We hear an awful lot about emergencies and disasters in the news these days. As we approach another winter season in the Pacific Northwest, we must think about being ready for power outages, disrupted transportation, and possible wind and flood damage. Add into that, the fact that we all depend a lot more on the internet. Even if we don’t personally use the internet much—or at all—most businesses and service providers DO, and that can impact us. How can we keep ourselves— and our family—safe, when so much that affects us, is out of our control?
By sticking together and making plans.
This past June, in multiple States and British Columbia, we held a large earthquake exercise called “Cascadia Rising.” And last month, the National Great ShakeOut Drill brought an earthquake simulator to downtown Seattle, among many other preparedness activities.
This is all to say that a lot of people have been focusing on planning, training, and practicing to respond in the event of a catastrophic earthquake, which will be the greatest test of our region. Preparing for such a major earthquake also prepares us for all the other disasters that can come our way. Perhaps the greatest lesson we learn from all that preparation is that relationships matter.

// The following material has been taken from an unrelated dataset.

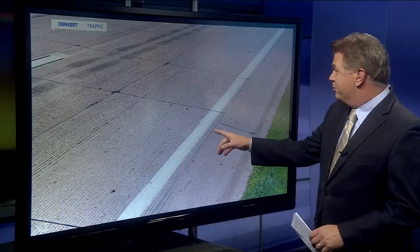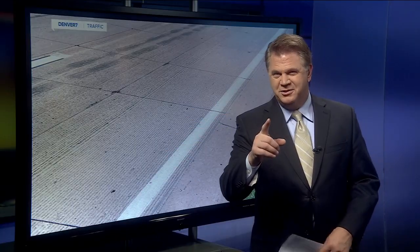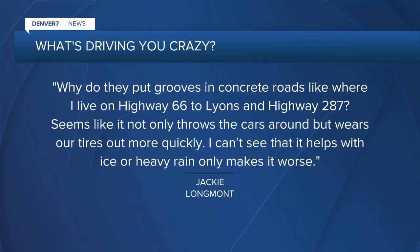Well, the grooves — like these grooves right here that you might see on the concrete surface — are going to help you out a whole lot. I'll explain why in just a second. It's Jackie from Longmont who writes: 'Why do they put grooves in concrete roads like where I live on Highway 66 to Lyons and Highway 287? Seems like it not only throws the cars around, but wears our tires out more quickly.'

Perhaps the greatest lesson we learn from all that preparation is that relationships matter.
In an emergency, your relationships matter, too. There are many ways we advise people to be ready for an emergency: build a kit, store water and food, and have emergency supplies like flashlights, a radio, and a utility shut-off tool. But probably the most important of all: connect with others and make a plan.

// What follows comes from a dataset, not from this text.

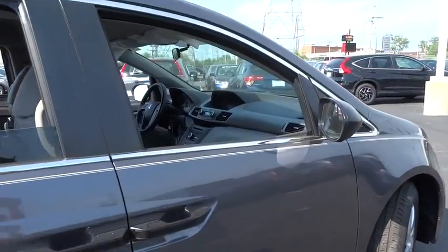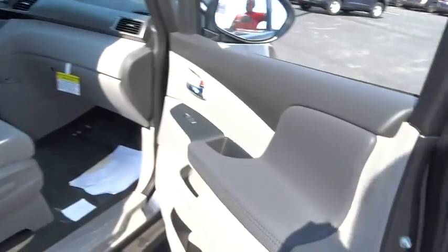This vehicle has less than 100 miles. Here are some of this vehicle's great options.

- Talk with your neighbors, family, friends, and caregivers about what you will need in an emergency and how you will communicate with each other (see below). Write down your plans and contact information and make sure everyone in your support system has a printed copy.
- Individuals and families might not be able to have all needed emergency supplies on hand, but when people group together they can pool resources and solve common problems (like buying bulk items more cheaply or solving storage needs.)

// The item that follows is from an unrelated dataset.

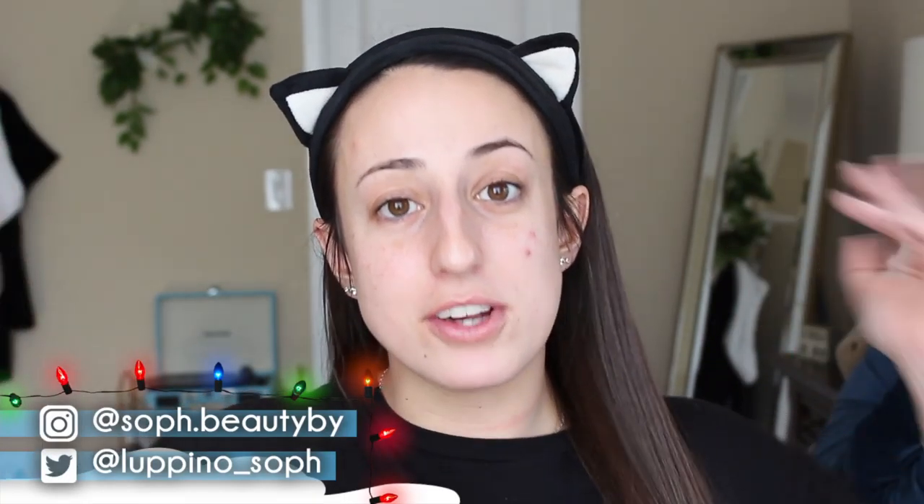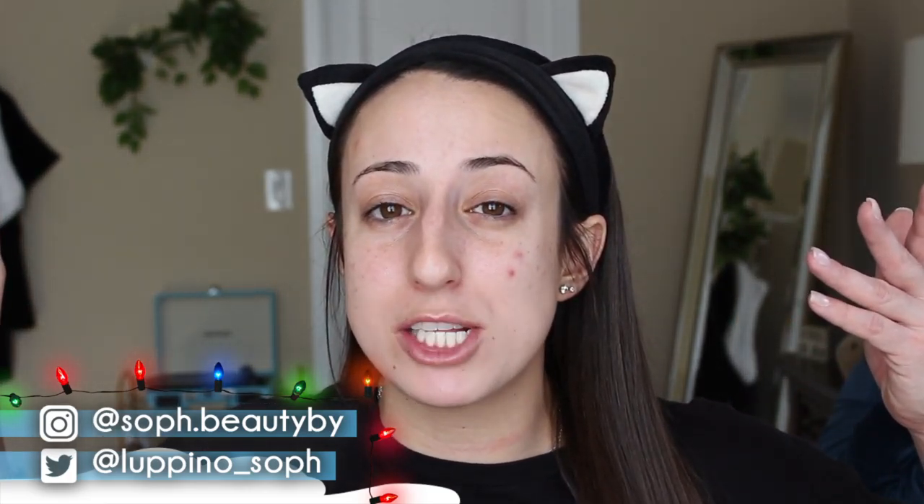Hey guys, welcome back to my channel and welcome to a mini series I call Drag Disasters, where I try to immerse myself into the drag world. Unsuccessfully, might I add. Since it is officially December, we are going straight into the holiday content — for the first holiday video of the season I'm going to be taking some holiday looks from some RuPaul's Drag Race queens and trying to turn them into more everyday wearable looks.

When something bad happens, we want to be able to communicate with our family and friends, but local communications might be very difficult or even impossible. Make a Communications Plan to address how you will reach the people you care about—and who care about you.
Here are some things to think about:
- Many of us store important phone numbers in our phones and computers. Make sure you also keep a printed copy, in case you can’t access your electronic devices.
- If you use a cell phone, texting may be more reliable for local communications than a phone call; texts automatically retry to deliver a message when service is busy.
- If you use a landline phone, service in the immediate areas might be overwhelmed, but reaching someone out of the area has a higher chance of being successful. Arrange with a friend or relative in another state to be your Out of Area Contact. Give their name and phone number to those with whom you will want to communicate. Your out of Area Contact can coordinate information-sharing until local communications are possible.
- If you can get an internet connection, you can use the Red Cross Safe and Well registry program to post messages about yourself and search for lost loved ones. Facebook’s Safety Check feature has also become a great way to post messages and connect with friends and family. For more information, visit: https://www.facebook.com/about/safetycheck/.
Emergencies happen every day, but we don’t have to be afraid—we can be prepared, and we don’t have to do it alone. We are all in this together and together we can make plans and solve problems that make us all more resilient for whatever life throws our way.